1.18.2011

Rabbit Hole

Can you imagine a more shattering experience than the death of your child? When you lose a child, you become a different person. There is no going back to the way you were before. It is a wound that no one ever recovers from. This is the subject of Rabbit Hole a film currently showing in the theaters.

Before it became a move, it was a Pulitzer Prize winning Broadway play. It was also the subject of the 2007 French Film, Apres Lui. And before then it was treated in the highly praised Ian McEwan novel, The Child in Time. Like the couple in Rabbit Hole, the couple in McEwan’s novel, whose child disappears one day, grow apart following their loss.

Mc Ewan writes, The loss had driven them to the extremes of their personalities. Now there was no mutual consolation, no touching, no love. Their old intimacy, their habitual assumption that they were on the same side, was dead. They remained huddled over their separate losses, and unspoken resentments began to grow.

It is the way the couples diverge in response to the loss of their child, the kind of loss that makes normal life impossible, that captured my greatest sympathies in the film. Normally, you would expect them to come together. But in both fictional accounts, they don’t.

Six months ago Danny, the four-year old son of Becca (Nicole Kidman) and Howie (Aron Eckhart) in Rabbit Hole, was killed by a car as he was rushing into the street to retrieve his ball. Becca is trying to forget Danny, to erase all vestiges of his life, while Howie continues to grieve.

He does not want to get rid of Danny’s clothes or toys or postings on the refrigerator door as Becca does. He continues to attend a support group; Becca stays home. The disagreements, sometimes violent, continue to escalate. There is no coming together, no shared grief, only further and further drifting apart.

How can one understand this? Is there some reason why both McEwan and David Linday-Abaire, the author of the theatrical Rabbit Hole, chose to depict the loss of a child this way? Yes, it is almost impossible to ever recover from such an event. But why in this divergent fashion? Does it reflect a fundamental difference in their personalities, a difference that existed well before their marriage?

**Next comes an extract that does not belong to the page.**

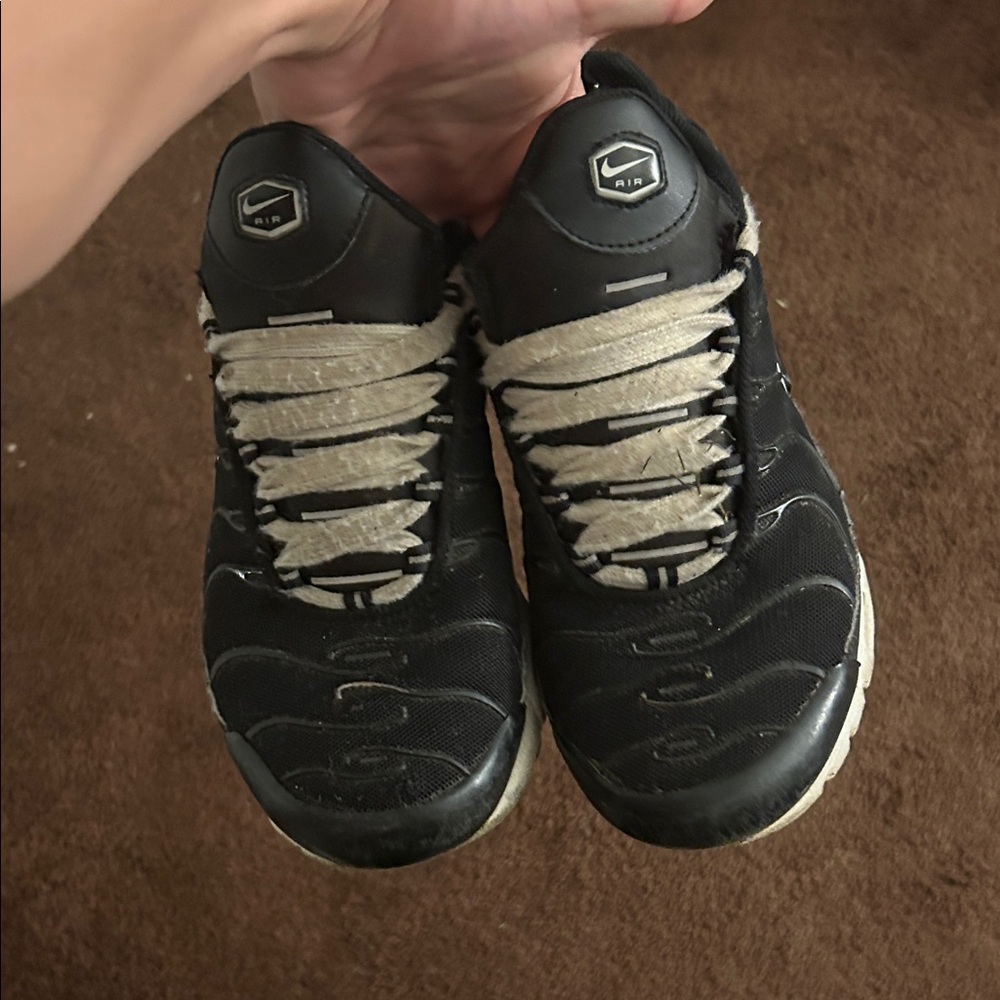 Nike Air Men's Black and Cream Sneakers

It is easier to understand the connection sought in both Apres Lui and Rabbit Hole when the women begin to stalk the person who was responsible, albeit both accidental, for the death of their son. In Apres Lui, the divorced Camille (Catherine Deneuve), searches for her son’s friend who was driving the car when he was killed in an accident. She hires him to work in her bookshop, cooks meals for him, and arranges to pay for his college tuition.

In Rabbit Hole, Becca follows the school bus that brings her teenage son’s friend home from school each day. Eventually they begin meeting at a park bench. One day he brings her a graphic novel that he had made. Together they try to recover from an experience from which there is no recovery. When Howie learns of their meetings, he becomes enraged which serves only to increase the distance between them,

People react differently to the same event, to a story they are reading or to a tragedy they experience. Sometimes a tragedy as devastating as the death of your child can create a gap that can never be closed. While the marriages did not collapse in Rabbit Hole or The Child in Time, we know they will never be the same.

2 comments:

Stefanie said...

My sister saw this movie recently and said it was really good. Now here is a second endorsement. One of these days I'll have to get around to seeing it.

Richard Katzev said...

You might want to see it pretty soon as I don't imagine it will remain in the theaters very long. And then you wait forever before it appears as a DVD.